Phoenix Energy Group Limited
- Industry: Utilities
- Founded: September 1996
- Founder: British Gas plc
- Headquarters: Belfast, Northern Ireland
- Area served: Greater Belfast, Larne & East Down
- Key people: Michael McKinstry (CEO)
- Owner: Royal Bank of Scotland Group Pension Fund (50%), managed by Vantage Infrastructure; Utilities Trust of Australia (50%)
- Number of employees: 175
- Website: www.phoenixnaturalgas.com

= Phoenix Energy =

Northern Irish gas company

Phoenix Energy (formerly Phoenix Natural Gas) is the largest gas distribution business in Northern Ireland, being the owner and operator of the licence for the distribution network in the Greater Belfast area. The distribution business is responsible for the development of the pipeline network and also for providing a 24/7 operational and transportation service platform to suppliers under the rules of the company's network code. The ongoing investment within the Phoenix Energy licence area does not attract any grant or support from local or UK government. The investment is a standalone private venture.

The Phoenix Energy network currently extends to over 3,650 kilometres of intermediate, medium and low-pressure mains, which distribute natural gas throughout the licence area, representing around 50% of the population of Northern Ireland. Approximately 70% of the gas infrastructure has been completed using trenchless 'No Dig' technology.

Phoenix Energy manages the construction, maintenance and operation of the network and is also responsible for the development of the market in Greater Belfast and Larne. Already some 218,000 customers have been connected to natural gas network in the 20 plus years it has been available to them. The business is regulated under licence by the Northern Ireland Authority for Utility Regulation (NIAUR).

==History==
In March 1992 Northern Ireland Secretary Peter Brooke announced the first stage of the privatisation of Northern Ireland Electricity, the province's monopolistic utility company. A major part of this was the sale of Ballylumford power station in Northern Ireland to British Gas for £132 million. This oil-fired power plant provided more than half of the power needs of the 600,000 customers in Northern Ireland. British Gas simultaneously announced its plans to set up Premier Transco to build and operate the Scotland-Northern Ireland pipeline (SNIP), a natural gas pipeline, to convert Ballylumford to natural gas, and to set up a commercial supply company for natural gas (what would become Phoenix Natural Gas).
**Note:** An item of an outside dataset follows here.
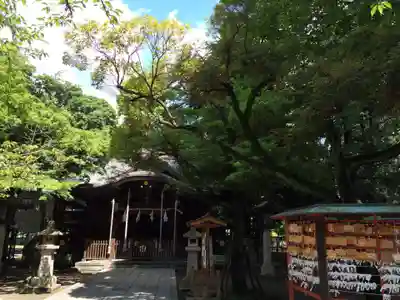 川口神社(埼玉県)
The £250 million Scotland Northern Ireland Pipeline (SNIP) was completed in 1996, with the first gas delivered through it in September of that year. In 1997 BG Group sold a 24.5% stake in Phoenix to KeySpan. In early 2001 BG Group sold a further 24.5% to East Surrey Holdings plc (ESH) for £50 million. In November 2003 ESH purchased Phoenix outright, acquiring the other two shareholders' stakes for a total of £177 million. Terra Firma Capital Partners completed a protracted acquisition of ESH and its Phoenix subsidiary for £453 million in 2005; Terra Firma had attempted to withdraw its bid for ESH due to a "bitter and long-running dispute with Northern Ireland's energy regulator Douglas McIldoon over Phoenix Natural Gas, which represents more than half of East Surrey's sales."

In 2008 Phoenix sold the Belfast Gas Transmission Pipeline system to Northern Ireland Energy Holdings for £99.3 million. The pipeline carries natural gas from the end of the SNIP to Larne, Carrickfergus and across Belfast Lough to Knocknagoney where it connects with Phoenix's network. Phoenix was obliged to sell the pipeline as part of a licensing agreement with NIAUR.

In May 2012 SSE plc's Airtricity subsidiary purchased Phoenix Supply Limited and Phoenix Energy Limited (its Republic of Ireland supply business) for £19.1 million.

Terra Firma sold Phoenix Natural Gas to Hastings Funds Management in 2013 for £700 million. Hastings Fund Management's international division, renamed Vantage Infrastructure in 2018, manages 50% of Phoenix Natural Gas on behalf of the RBS Group Pension Fund. The remaining 50% stake is owned by the Utilities Trust of Australia.

In December 2015 the Utility Regulator approved a licence extension for Phoenix Natural Gas to develop the natural gas network in 13 new towns in East Down including; Anahilt, Ballygowan, Ballynahinch, Castlewellan, Crossgar, Downpatrick, Dromore, Drumaness, Dundrum, Hillsborough, Newcastle, Saintfield and the Spa. The £60m private investment by the company sees natural gas being made available to an additional 28,000 properties in these areas. Construction commenced in early 2016 with Ballygowan being the first town to connect to the network, and will continue until an estimated completion date of 2022.

In May 2023, the company rebranded from Phoenix Natural Gas to Phoenix Energy. The rebrand was to reflect their plans to transition from natural gas to renewable gas solutions, such as hydrogen and biomethane.